Friday, August 03, 2007

Covering the Super-Healthy Only

If Bill Clinton, Dick Cheney or Chief Justice John Roberts applied for private health insurance, they wouldn’t get it.

Neither would Michael Moore for his obesity or Arnold Schwarzenegger, who went to the hospital in 2005 for rapid heartbeats.

An organization called the Medical Information Bureau would take a quick look at their histories and tell 470 companies they are hopelessly bad risks. Their work helps health insurers cherry-pick prospects to cover only those who are unlikely to get sick.

So much for universal coverage and the faith that Republicans, including President Bush, have in the marketplace. After the removal of his five polyps last month, he would have trouble getting health insurance himself.

CBS reported recently that a survey by the Commonwealth Fund last year found that 89 percent, or 52 million, of those looking for individual health insurance didn't get it because it was too expensive or they were turned down.
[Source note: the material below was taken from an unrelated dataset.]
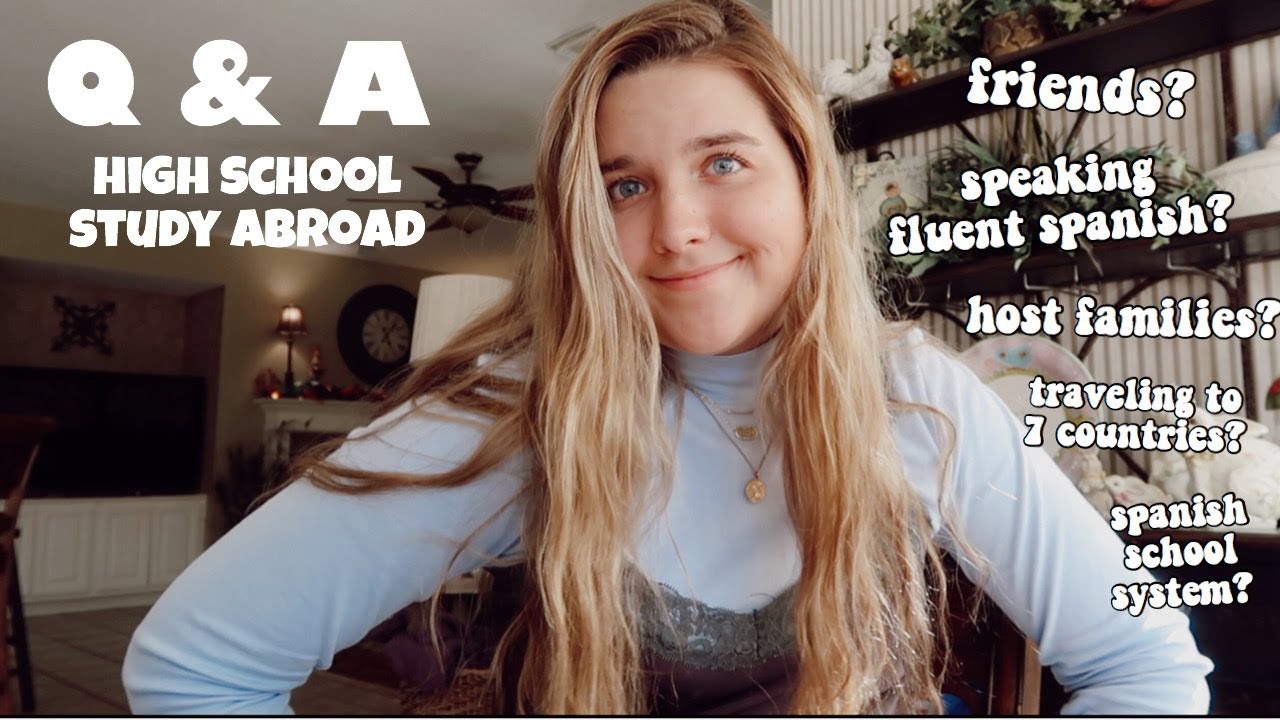 STUDY ABROAD Q & A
“Insurers are getting double the profit that they make in the group market. Why is it so lucrative? Because they exclude anybody and everybody who has even a remote sense of risk associated with their health care," said Dr. Bryan Liang, who has studied the insurance industry for more than a decade.

Someone should break the news to Rudy Giuliani, who loves the current system. His 2001 treatment for prostate cancer would rule him out for coverage in a New York minute.